··· DATA SHOWN ···

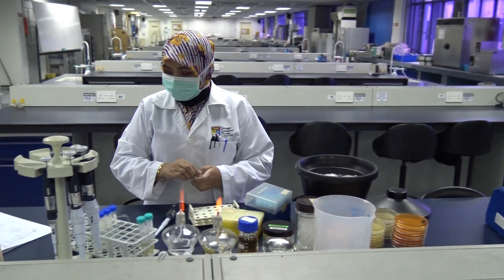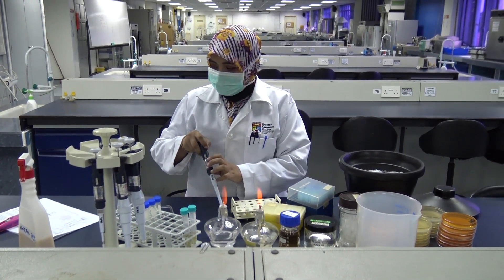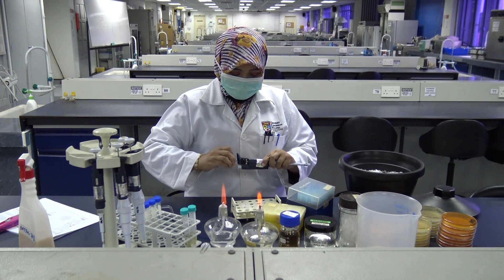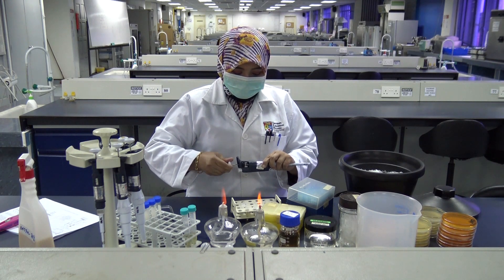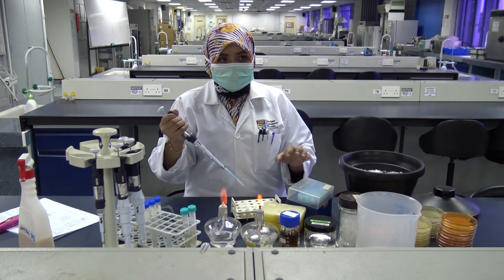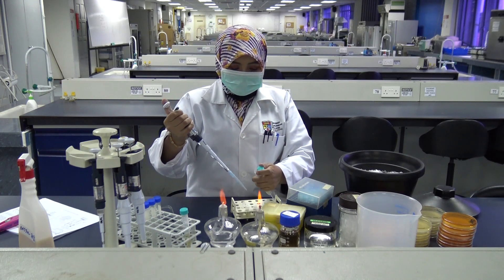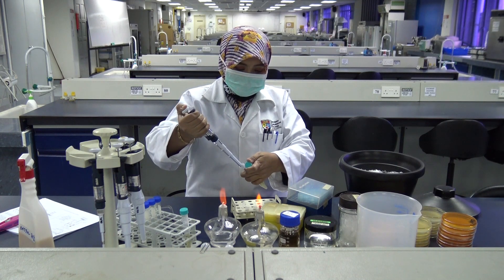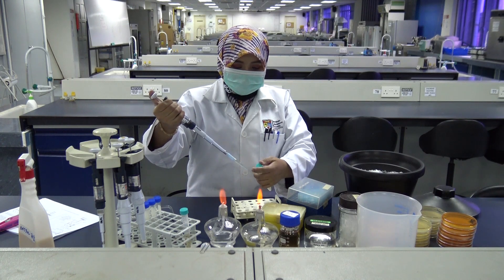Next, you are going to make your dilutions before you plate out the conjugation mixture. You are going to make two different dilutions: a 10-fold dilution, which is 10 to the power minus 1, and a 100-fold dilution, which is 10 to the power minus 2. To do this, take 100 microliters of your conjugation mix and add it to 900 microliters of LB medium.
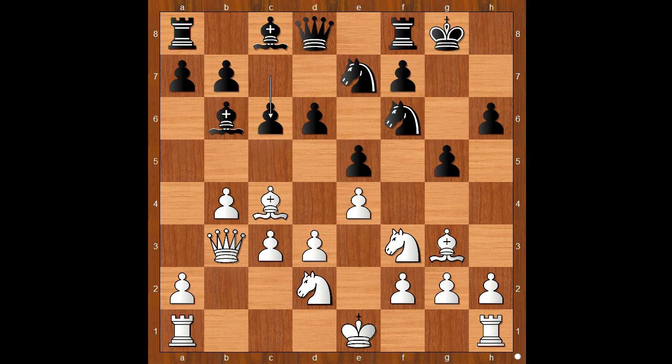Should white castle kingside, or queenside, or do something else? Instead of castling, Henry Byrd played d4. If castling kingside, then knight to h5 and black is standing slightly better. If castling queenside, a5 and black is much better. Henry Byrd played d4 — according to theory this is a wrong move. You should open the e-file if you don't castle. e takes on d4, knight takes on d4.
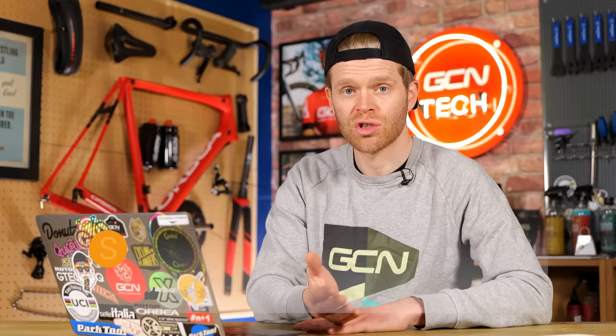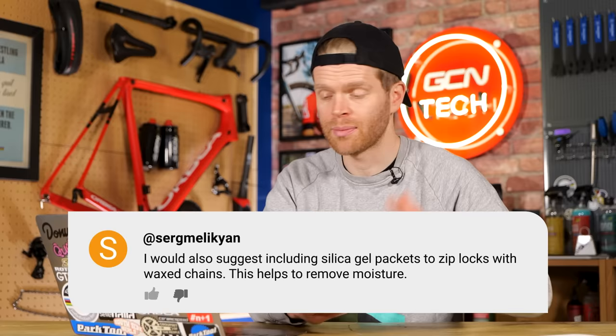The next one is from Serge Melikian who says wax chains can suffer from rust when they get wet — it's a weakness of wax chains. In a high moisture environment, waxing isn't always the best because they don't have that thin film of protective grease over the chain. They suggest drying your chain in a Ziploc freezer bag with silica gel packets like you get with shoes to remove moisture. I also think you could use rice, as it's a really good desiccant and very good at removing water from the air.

···

[REQUIRED WORK] Copy out the data above exactly, except the pictures.

[ANSWER TO THE EXERCISE]
Next, you are going to make your dilutions before you plate out the conjugation mixture. You are going to make two different dilutions: a 10-fold dilution, which is 10 to the power minus 1, and a 100-fold dilution, which is 10 to the power minus 2. To do this, take 100 microliters of your conjugation mix and add it to 900 microliters of LB medium.
Should white castle kingside, or queenside, or do something else? Instead of castling, Henry Byrd played d4. If castling kingside, then knight to h5 and black is standing slightly better. If castling queenside, a5 and black is much better. Henry Byrd played d4 — according to theory this is a wrong move. You should open the e-file if you don't castle. e takes on d4, knight takes on d4.
The next one is from Serge Melikian who says wax chains can suffer from rust when they get wet — it's a weakness of wax chains. In a high moisture environment, waxing isn't always the best because they don't have that thin film of protective grease over the chain. They suggest drying your chain in a Ziploc freezer bag with silica gel packets like you get with shoes to remove moisture. I also think you could use rice, as it's a really good desiccant and very good at removing water from the air.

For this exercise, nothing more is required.